=== Data for analysis ===
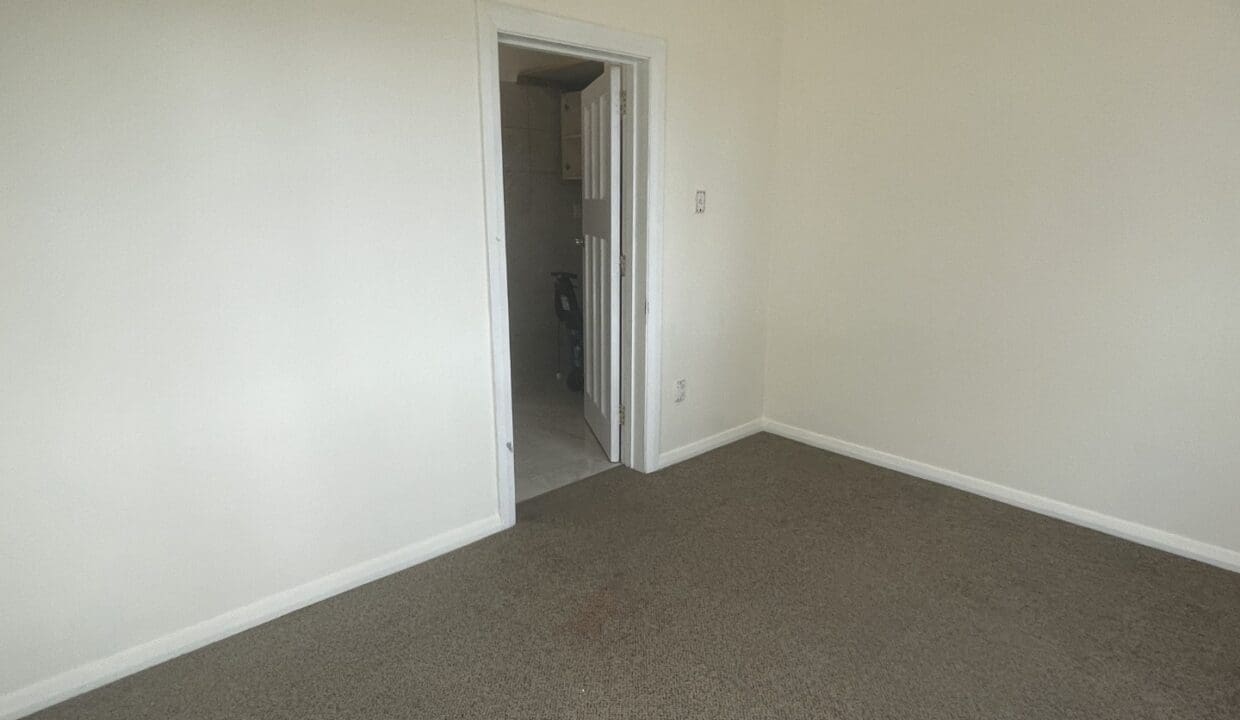 RBPR012309-RBPI006753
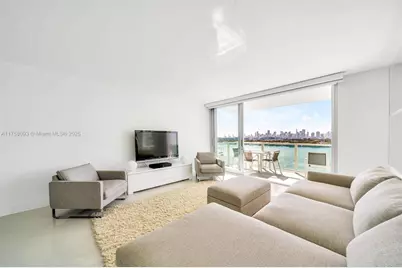 1000 West Ave #1416, Miami Beach, FL 33139 - Photo 20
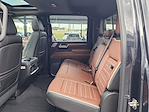 New 2026 GMC Sierra 2500 Denali Ultimate Crew Cab 4WD Pickup for sale #GT139 - photo 45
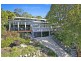 34 Arkin Street, The Gap QLD 4061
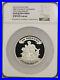2010_Canada_First_Canadian_Banknote_75th_Ann_50_Silver_PF_69_Ultra_Cameo_NGC_01_vc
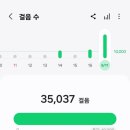무등온천사우나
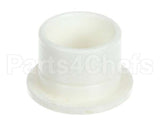 110341 Champion - Moyer Diebel Bearing(Polyester)Wash Arm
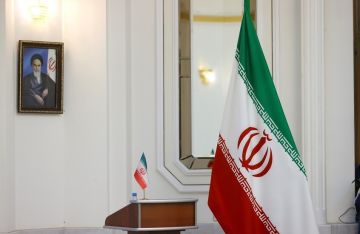 طهران تحذر دول المنطقة: ستكونون بعد إيران أهدافا أسهل لإسرائيل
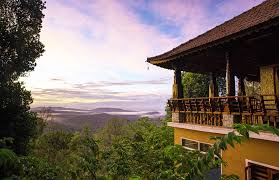 We did not find results for: Yoga Meditation Detox Retreat Vacations Studios And Gear Scotty Snacks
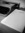 Grant Jolly | 48 comments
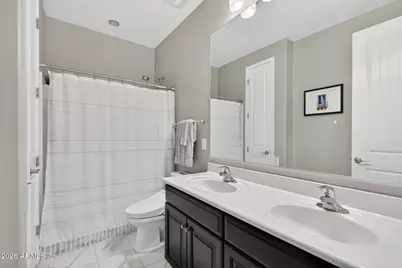 20160 E Domingo Road, Queen Creek, AZ 85142 - Photo 37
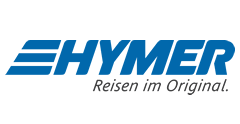 Hymer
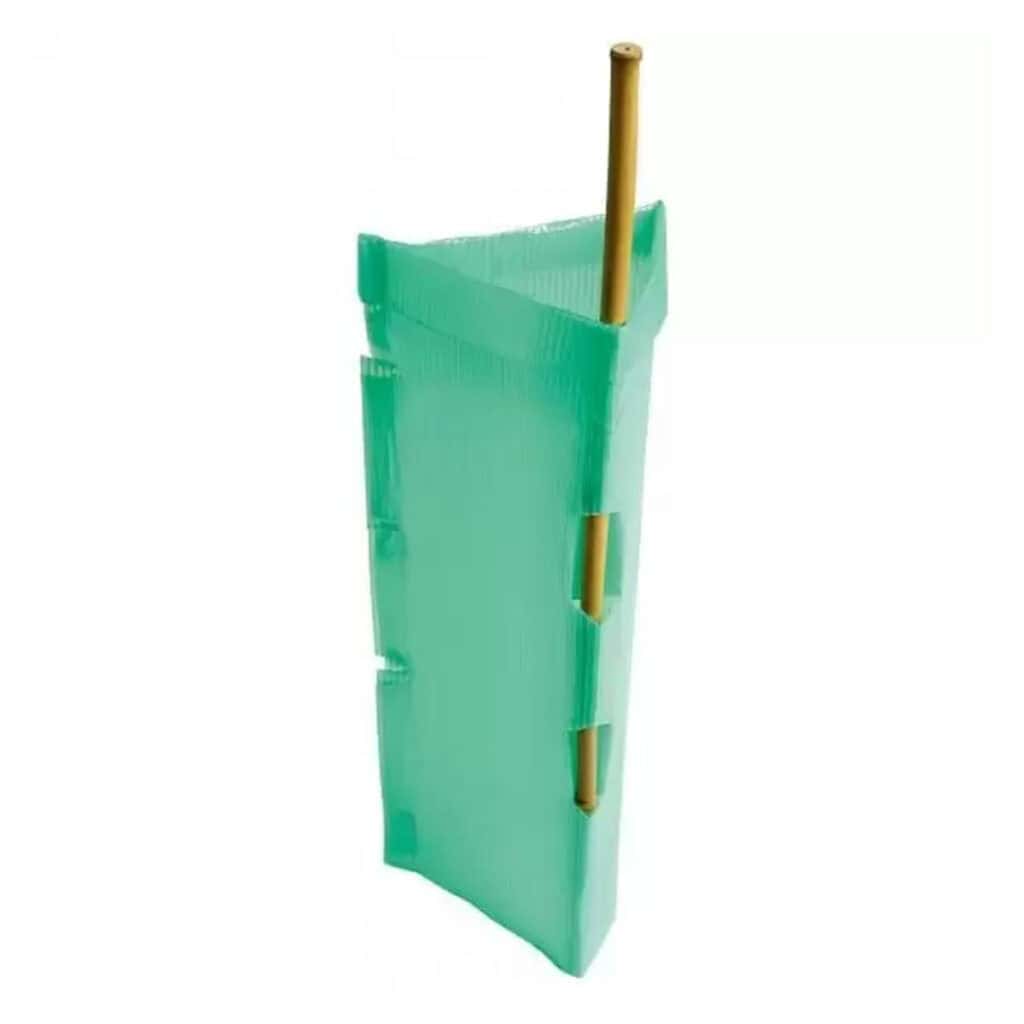 Triangle Tree Guard Tree Guard Guide: Types, Selection and Installation | All Stake Supply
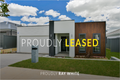Property photo of 16 Constance Street Thirlmere NSW 2572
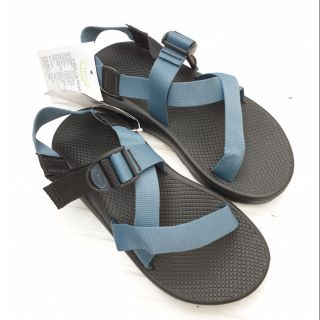 CHACO Z CLOUD 1 MEN
สี SOLID LEAD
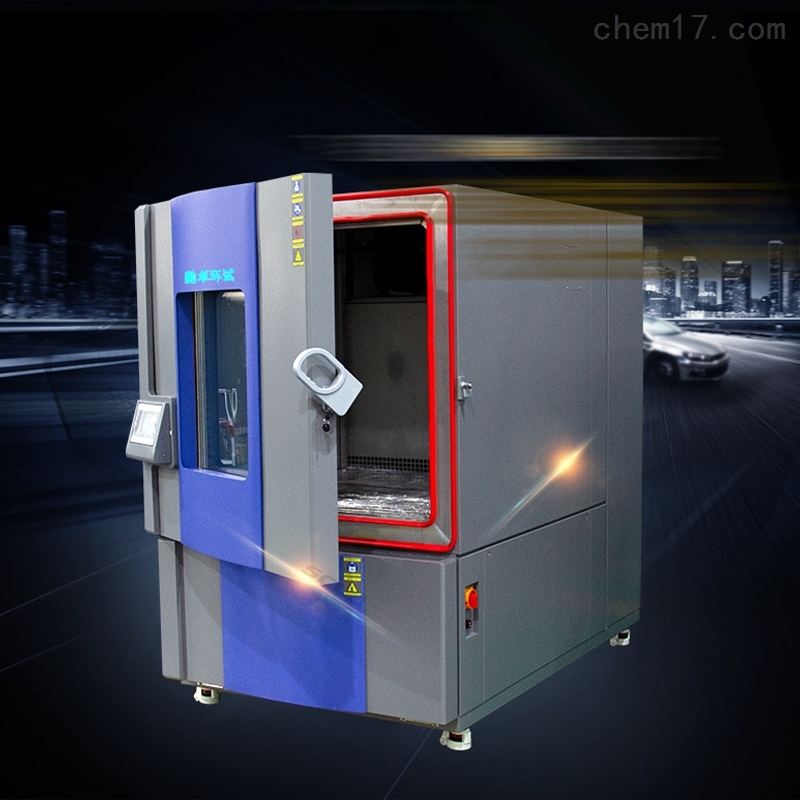 1703469727123563.jpg 2.jpg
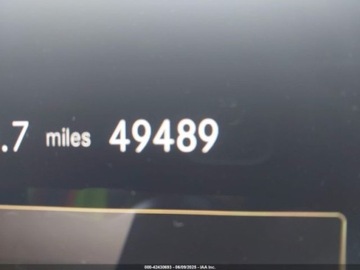 Mercedes GLE V167 2021 Mercedes-Benz GLE 53 AMG Coupe 4Matic 2021 3.0l 3.0 Benzyna 429KM, zdjęcie 9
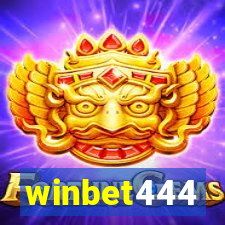 winbet444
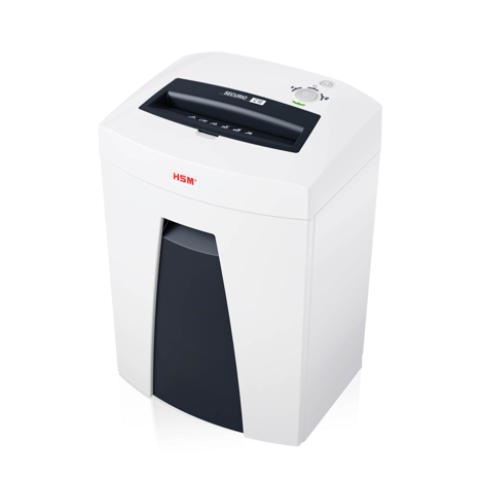 1912123_HSM_SECURIO_C18_feature_image_1_PNG_RGB.png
===
**Exercise description:** The range to print runs from the line with "CHACO Z CLOUD 1 MEN" through the last line of the entries, both included; keep it exact and skip the pictures.

**Response for this exercise:**
 CHACO Z CLOUD 1 MEN
สี SOLID LEAD
 1703469727123563.jpg 2.jpg
 Mercedes GLE V167 2021 Mercedes-Benz GLE 53 AMG Coupe 4Matic 2021 3.0l 3.0 Benzyna 429KM, zdjęcie 9
 winbet444
 1912123_HSM_SECURIO_C18_feature_image_1_PNG_RGB.png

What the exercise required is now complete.